Aug 6, 2020
Edited: Aug 19, 2020

DaVinci Resolve Q&A + Demo

This is the last part of Mik's DaVinci Resolve Series! Special thanks to @Mikhail von Asmuth for hosting this series, sharing his knowledge and letting us peak into his world as a colorist.

In this video, Mikhail answers participant's questions, shares some more knowledge on how to operate DaVinci Resolve, and gives beginners some online tools & advice. Colorgrading plays a key role in all things visual, so if you're in the Industry this knowledge will certainly benefit you as well.

To make sure that you've got everything down and that you don't miss a beat, Mik also created a checklist that you can use as a workflow guide when you are colorgrading. I've typed this down for you below, after the video snippets.

Much thanks to all who has participated in any of the workshops! For those who missed or have not watched the others, we also have Color Correction using DaVinci Resolve and Color Grading using DaVinci Resolve. Check out past workshops here and upcoming workshops here as well.

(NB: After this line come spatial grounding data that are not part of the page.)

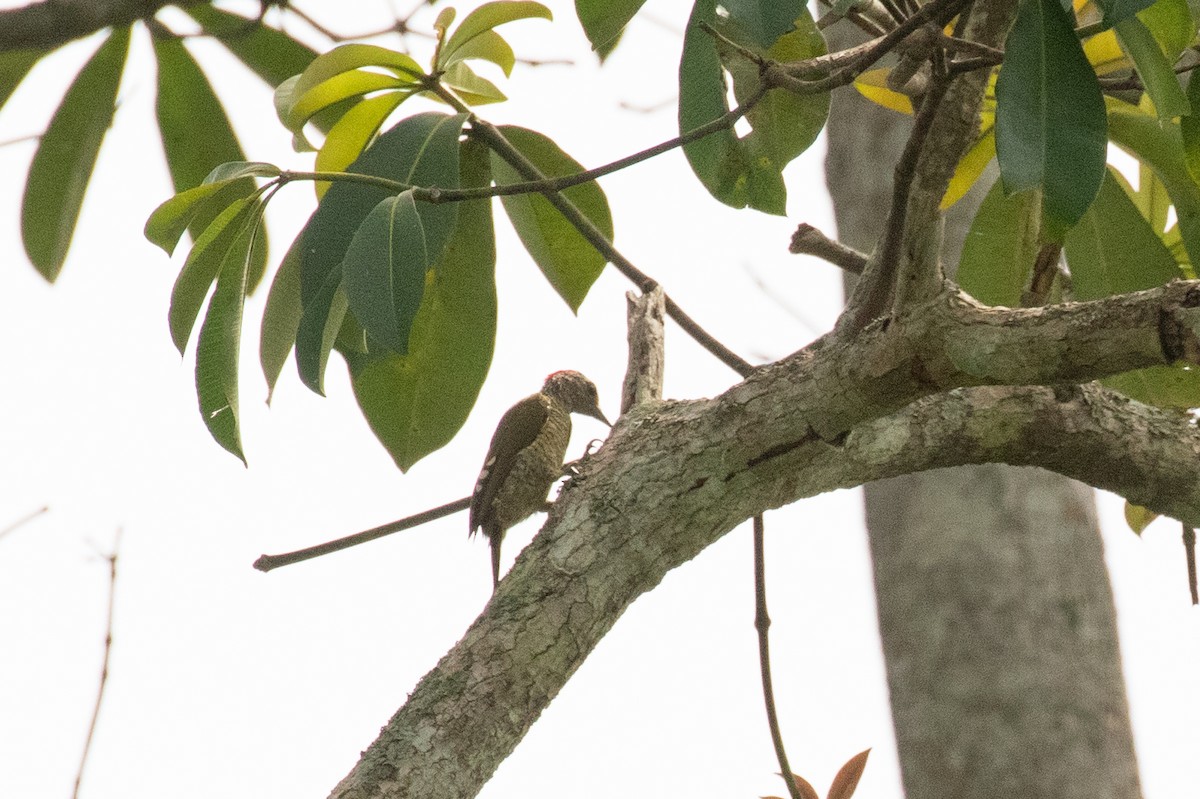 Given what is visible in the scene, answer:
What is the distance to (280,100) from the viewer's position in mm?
2127

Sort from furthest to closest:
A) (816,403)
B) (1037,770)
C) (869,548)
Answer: (869,548), (1037,770), (816,403)

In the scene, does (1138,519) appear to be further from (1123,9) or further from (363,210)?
(363,210)

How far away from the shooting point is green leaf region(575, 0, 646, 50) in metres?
1.66

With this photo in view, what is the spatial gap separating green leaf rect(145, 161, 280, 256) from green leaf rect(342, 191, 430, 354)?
8.1 inches

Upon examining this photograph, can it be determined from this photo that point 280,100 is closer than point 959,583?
Yes

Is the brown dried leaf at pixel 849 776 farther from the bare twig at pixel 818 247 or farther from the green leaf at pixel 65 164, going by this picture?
the green leaf at pixel 65 164

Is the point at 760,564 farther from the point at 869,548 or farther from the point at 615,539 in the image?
the point at 869,548

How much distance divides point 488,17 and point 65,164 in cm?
97

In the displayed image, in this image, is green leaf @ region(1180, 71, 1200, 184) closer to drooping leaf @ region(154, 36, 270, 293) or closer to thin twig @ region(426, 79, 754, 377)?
thin twig @ region(426, 79, 754, 377)

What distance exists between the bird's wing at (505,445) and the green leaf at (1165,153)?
48.6 inches

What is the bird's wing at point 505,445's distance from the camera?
7.95ft

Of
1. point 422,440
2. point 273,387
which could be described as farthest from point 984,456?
point 273,387

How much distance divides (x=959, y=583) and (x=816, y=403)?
1927 millimetres

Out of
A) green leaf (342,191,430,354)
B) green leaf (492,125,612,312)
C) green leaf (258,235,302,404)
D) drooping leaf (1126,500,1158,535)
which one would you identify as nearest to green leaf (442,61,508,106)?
green leaf (492,125,612,312) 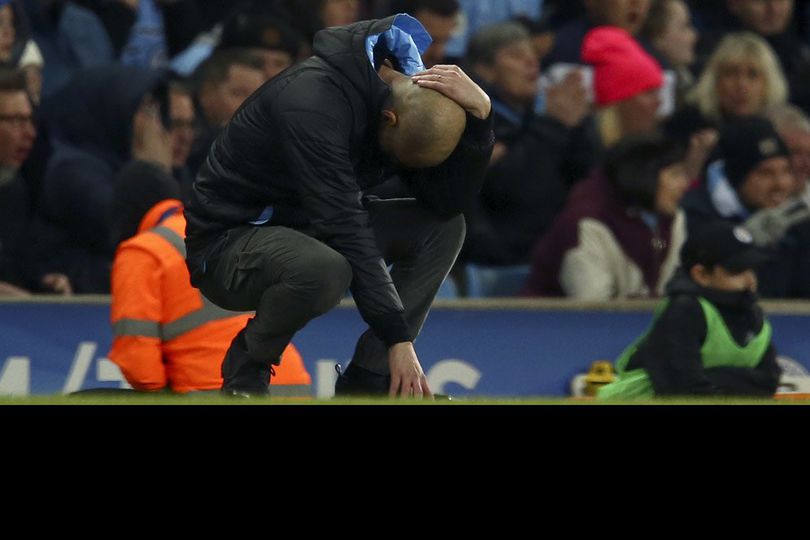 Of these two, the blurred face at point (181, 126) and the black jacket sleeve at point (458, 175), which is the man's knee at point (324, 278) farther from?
the blurred face at point (181, 126)

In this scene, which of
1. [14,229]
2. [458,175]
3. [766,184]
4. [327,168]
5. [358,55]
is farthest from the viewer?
[766,184]

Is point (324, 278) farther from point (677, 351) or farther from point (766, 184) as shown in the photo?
point (766, 184)

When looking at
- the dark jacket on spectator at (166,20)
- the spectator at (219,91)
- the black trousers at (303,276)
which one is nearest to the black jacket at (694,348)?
the black trousers at (303,276)

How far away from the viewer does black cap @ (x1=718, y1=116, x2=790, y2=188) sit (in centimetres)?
857

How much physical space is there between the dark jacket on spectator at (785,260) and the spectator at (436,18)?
4.50 ft

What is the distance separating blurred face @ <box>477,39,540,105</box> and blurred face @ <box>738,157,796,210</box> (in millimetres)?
1134

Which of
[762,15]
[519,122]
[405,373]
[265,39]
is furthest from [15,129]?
[762,15]

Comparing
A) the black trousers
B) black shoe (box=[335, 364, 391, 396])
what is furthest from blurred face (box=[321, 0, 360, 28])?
black shoe (box=[335, 364, 391, 396])

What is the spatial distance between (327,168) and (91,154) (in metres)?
2.99

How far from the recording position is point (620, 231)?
26.8 ft

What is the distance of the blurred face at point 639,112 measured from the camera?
860 cm

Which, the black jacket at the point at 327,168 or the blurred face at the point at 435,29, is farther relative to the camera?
the blurred face at the point at 435,29
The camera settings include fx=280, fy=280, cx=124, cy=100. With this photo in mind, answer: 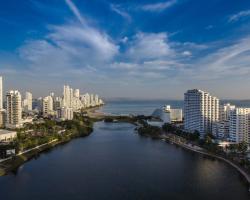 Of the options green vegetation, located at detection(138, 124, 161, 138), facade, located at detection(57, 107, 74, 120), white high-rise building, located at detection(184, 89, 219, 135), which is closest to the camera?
white high-rise building, located at detection(184, 89, 219, 135)

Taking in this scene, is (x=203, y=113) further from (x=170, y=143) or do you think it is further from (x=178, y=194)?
(x=178, y=194)

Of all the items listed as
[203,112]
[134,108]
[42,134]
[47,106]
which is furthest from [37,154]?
[134,108]

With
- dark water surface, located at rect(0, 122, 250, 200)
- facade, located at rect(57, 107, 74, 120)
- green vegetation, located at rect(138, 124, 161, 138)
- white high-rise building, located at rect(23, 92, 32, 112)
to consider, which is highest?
white high-rise building, located at rect(23, 92, 32, 112)

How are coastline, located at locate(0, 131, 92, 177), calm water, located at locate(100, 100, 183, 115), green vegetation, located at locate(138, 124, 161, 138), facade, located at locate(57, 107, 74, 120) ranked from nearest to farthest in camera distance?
1. coastline, located at locate(0, 131, 92, 177)
2. green vegetation, located at locate(138, 124, 161, 138)
3. facade, located at locate(57, 107, 74, 120)
4. calm water, located at locate(100, 100, 183, 115)

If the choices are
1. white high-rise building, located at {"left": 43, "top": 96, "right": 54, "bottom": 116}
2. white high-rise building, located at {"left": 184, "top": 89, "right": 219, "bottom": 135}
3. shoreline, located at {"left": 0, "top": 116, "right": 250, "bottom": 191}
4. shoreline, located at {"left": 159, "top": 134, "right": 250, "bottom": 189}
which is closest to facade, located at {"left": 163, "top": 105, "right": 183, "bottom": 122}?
white high-rise building, located at {"left": 184, "top": 89, "right": 219, "bottom": 135}

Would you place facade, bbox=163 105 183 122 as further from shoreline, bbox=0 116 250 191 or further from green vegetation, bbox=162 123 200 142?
shoreline, bbox=0 116 250 191

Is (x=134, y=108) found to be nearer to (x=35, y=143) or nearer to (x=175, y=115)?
(x=175, y=115)

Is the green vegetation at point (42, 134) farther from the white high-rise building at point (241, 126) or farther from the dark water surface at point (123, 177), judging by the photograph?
the white high-rise building at point (241, 126)

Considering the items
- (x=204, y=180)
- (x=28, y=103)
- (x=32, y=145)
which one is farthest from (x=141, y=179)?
(x=28, y=103)
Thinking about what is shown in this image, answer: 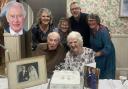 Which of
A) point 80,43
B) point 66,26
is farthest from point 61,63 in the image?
point 66,26

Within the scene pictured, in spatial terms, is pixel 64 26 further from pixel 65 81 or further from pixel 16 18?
pixel 65 81

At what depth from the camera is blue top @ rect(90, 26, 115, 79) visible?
11.2 feet

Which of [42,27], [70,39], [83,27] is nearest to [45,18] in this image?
[42,27]

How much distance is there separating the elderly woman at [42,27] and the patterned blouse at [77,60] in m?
0.67

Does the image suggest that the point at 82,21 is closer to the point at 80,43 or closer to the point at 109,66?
the point at 109,66

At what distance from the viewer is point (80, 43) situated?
2.74 metres

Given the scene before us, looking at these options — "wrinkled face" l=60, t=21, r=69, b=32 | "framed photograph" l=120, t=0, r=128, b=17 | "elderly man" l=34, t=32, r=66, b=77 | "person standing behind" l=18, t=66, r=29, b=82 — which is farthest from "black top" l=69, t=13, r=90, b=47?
"person standing behind" l=18, t=66, r=29, b=82

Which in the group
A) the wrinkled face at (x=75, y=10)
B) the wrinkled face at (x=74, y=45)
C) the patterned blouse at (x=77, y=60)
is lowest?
the patterned blouse at (x=77, y=60)

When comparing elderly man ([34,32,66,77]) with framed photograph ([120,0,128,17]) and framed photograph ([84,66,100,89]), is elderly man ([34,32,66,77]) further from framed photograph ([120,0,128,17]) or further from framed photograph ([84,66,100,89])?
framed photograph ([120,0,128,17])

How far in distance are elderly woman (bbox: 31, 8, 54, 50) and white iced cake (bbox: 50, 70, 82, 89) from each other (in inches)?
53.8

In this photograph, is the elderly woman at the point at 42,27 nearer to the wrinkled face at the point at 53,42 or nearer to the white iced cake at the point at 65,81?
the wrinkled face at the point at 53,42

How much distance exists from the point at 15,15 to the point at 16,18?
3 cm

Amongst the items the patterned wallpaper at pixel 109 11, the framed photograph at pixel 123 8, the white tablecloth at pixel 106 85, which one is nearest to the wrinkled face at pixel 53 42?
the white tablecloth at pixel 106 85

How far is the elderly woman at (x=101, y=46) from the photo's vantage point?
135 inches
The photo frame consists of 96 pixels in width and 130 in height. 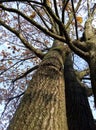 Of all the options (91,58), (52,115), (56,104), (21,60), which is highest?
(21,60)

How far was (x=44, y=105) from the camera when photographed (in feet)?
9.49

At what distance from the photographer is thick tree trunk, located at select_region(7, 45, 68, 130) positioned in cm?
254

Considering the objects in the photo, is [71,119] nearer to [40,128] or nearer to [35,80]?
[35,80]

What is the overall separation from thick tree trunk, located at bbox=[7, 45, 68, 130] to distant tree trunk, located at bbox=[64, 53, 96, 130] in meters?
0.58

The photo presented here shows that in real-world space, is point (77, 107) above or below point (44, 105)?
above

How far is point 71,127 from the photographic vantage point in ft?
12.0

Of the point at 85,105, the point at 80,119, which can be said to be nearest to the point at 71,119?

Some snippets from this session:

THE CHECKLIST: How to approach your work

1. Assessing the video: to know how long it will take to grade

  • Size

  • Frame rate

  • Artifacts

  • Checking the scopes

  • Camera Profile

  • Log/Raw/Compress

2. Inspiration based on the Colorist: Be Creative

  • My preferred look

  • Movie Reference

  • Idea from anywhere, a website for example

3. Knowing what the video is for: What things to consider

  • Commercial: food, car, beauty, fashion

  • Music video

  • Documentary

  • Film

  • Experimental

  • Cinematic

4. Discussing with the clients: to smooth the grading

  • Ask what is on their vision in mind

  • If they have a reference

  • Ask the DOP what they want

  • Ask what they don’t want

  • Any issue with skin tones

5. Play with footage : to know what approach in grading

  • Grade it the way you want it

  • If you have old grading, apply it to the footage to see results

6. Doing Primaries

  • Keep it simple, use one node

  • Contrast, saturation, and curves

7. Stylizing/ Secondaries

  • Soft or hard contrast

  • desaturate of colors

  • sharpen/blur

  • grains

8. Looking at your grade

  • Compare with the reference

  • Is there no issue: hand, skin tone, clippings

9. Shot matching with other shot

  • The black level, exposure and contrast

  • Skin tone

  • Saturation

  • Color

10. Look refining

  • If it’s commercial, the product should pop out

  • Do vignette

  • Make the subject the eye of focus

11. Do some over grade look:

  • To show the clients other looks besides the safe grade

We hope you get to use this checklist and that this is helpful!